Exercise details –
Nothing but the lines from the one containing "bottiglia di plastica" through the end of the data below should appear in the answer, each exact and free of pictures.

The data –
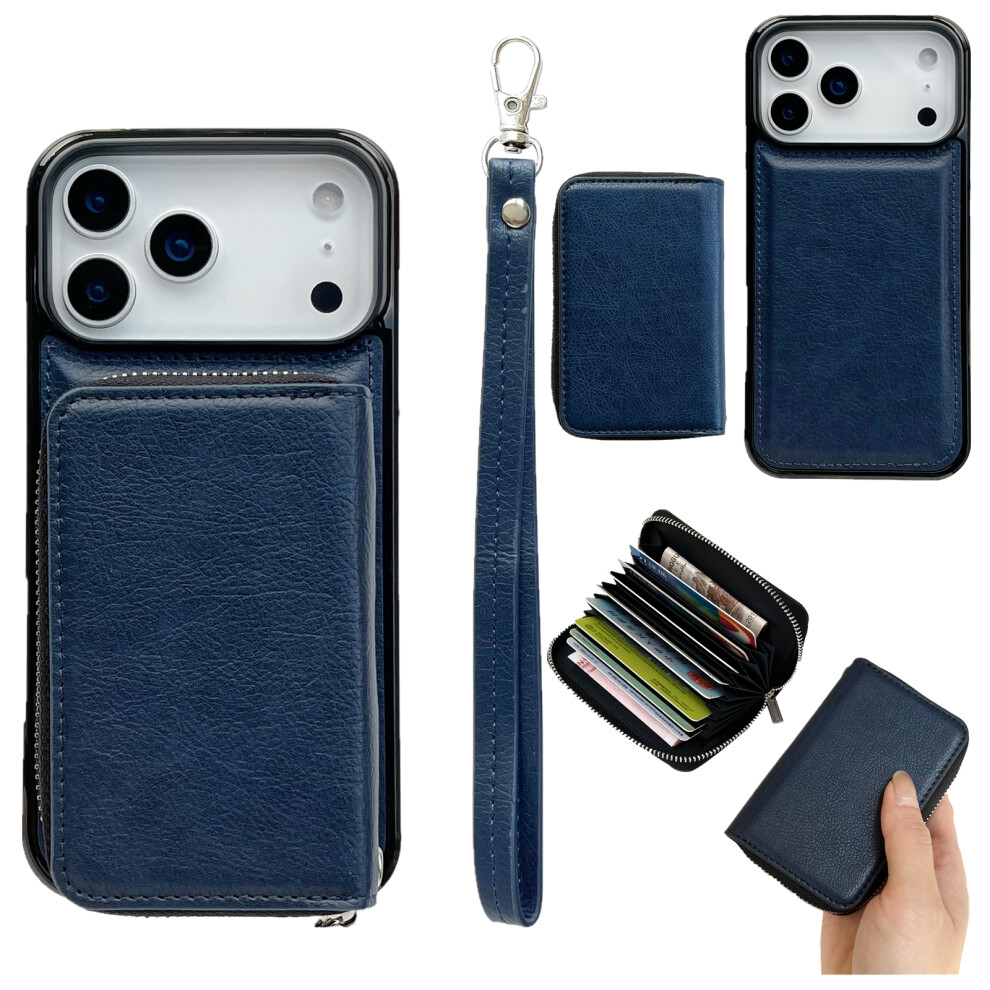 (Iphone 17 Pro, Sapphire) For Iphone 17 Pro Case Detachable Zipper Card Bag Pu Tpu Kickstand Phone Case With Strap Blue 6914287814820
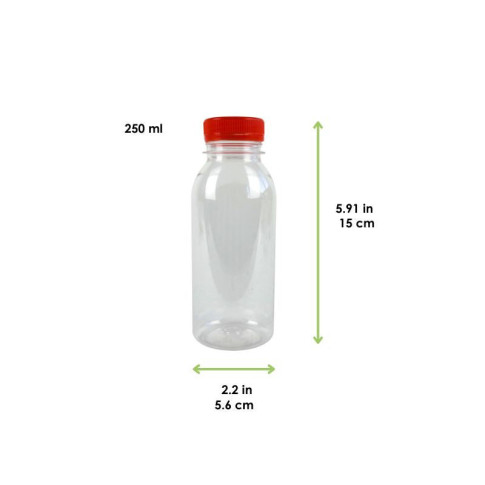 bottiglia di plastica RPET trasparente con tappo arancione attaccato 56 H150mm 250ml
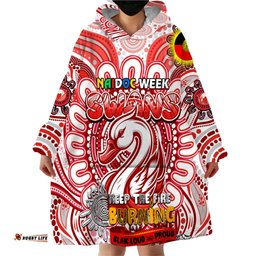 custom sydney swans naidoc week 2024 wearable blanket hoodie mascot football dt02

Answer below –
 bottiglia di plastica RPET trasparente con tappo arancione attaccato 56 H150mm 250ml
 custom sydney swans naidoc week 2024 wearable blanket hoodie mascot football dt02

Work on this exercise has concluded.